Because many of us live near inconsiderate operators that step all Over the downlink by transmitting on the uplink. Simplex is just not a good idea. The downlink should be separate from the uplink so that everyone can hear the downlink without interfererence from uplink stations.
Bob
-----Original Message----- From: sarex-bounces@AMSAT.Org [mailto:sarex-bounces@AMSAT.Org] On Behalf Of McGrane Sent: Friday, August 11, 2006 7:43 PM To: Kenneth G. (JSC-OC)[BAR] Ransom; bruninga@usna.edu Cc: Manned space BBS Subject: [sarex] Re: further late reply regarding ISS simplex
Hello again- the astronauts will hear everyone calling whether its split or simplex operation so why not make it
simplex!
pat
On Fri, 11 Aug 2006, Ransom, Kenneth G. (JSC-OC)[BAR] wrote:
It sounds like your issue is not that split frequencies are
bad but
that multiple uplinks makes it difficult for the crew to
listen to one
uplink. ITU region regulations for ground station
operations are the
culprit. Space has no borders but Earth does so have of the
problem is
getting everyone to agree on a single uplink. Not everyone
in the
world has the same frequency allocations nor do they use
the available
spectrum in their region the same way.
The issue is not the 20-30 miles but the number of callers
in the 2000
km wide footprint. The station has to listen to all of
them. Since you
can't hear all of them, it becomes difficult to know when
someone is
talking or not without guidance from the station operator.

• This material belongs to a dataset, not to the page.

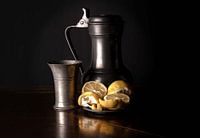 Still life with historical Tin and lemon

In the MIR days, the crew did not have the luxury of near
full time
satellite communication that provides voice, email
communication and
an IP phone that lets them make phone calls. If the MIR
crew wanted to
talk to someone, they needed to use the ham radio or the
Russian VHF
space to ground system. The ISS crew has plenty of options
to choose
from when they want to communicate and it depends on the
personality
of the crew as to which ones get utilized.
Kenneth - N5VHO
-----Original Message----- From: sarex-bounces@AMSAT.Org
[mailto:sarex-bounces@AMSAT.Org] On
Behalf Of McGrane Sent: Thursday, August 10, 2006 6:43 PM To: Manned space BBS Subject: [sarex] further late reply regarding ISS simplex
Greetings from patrick N2OEQ
Despite support of the present frequency scheme for the ISS
I still
wish to disagree with the policy of split operation with
different
phone uplinks.
Back when the MIR was up, the russians operated simplex and
left the
radio on to listen for callers. On several occasions, I called the MIR according to my
tracking
program and was rewarded several times with a response.
With two different uplink frequencies, the astronauts are
less
inclined to leave the radio on to listen for callers.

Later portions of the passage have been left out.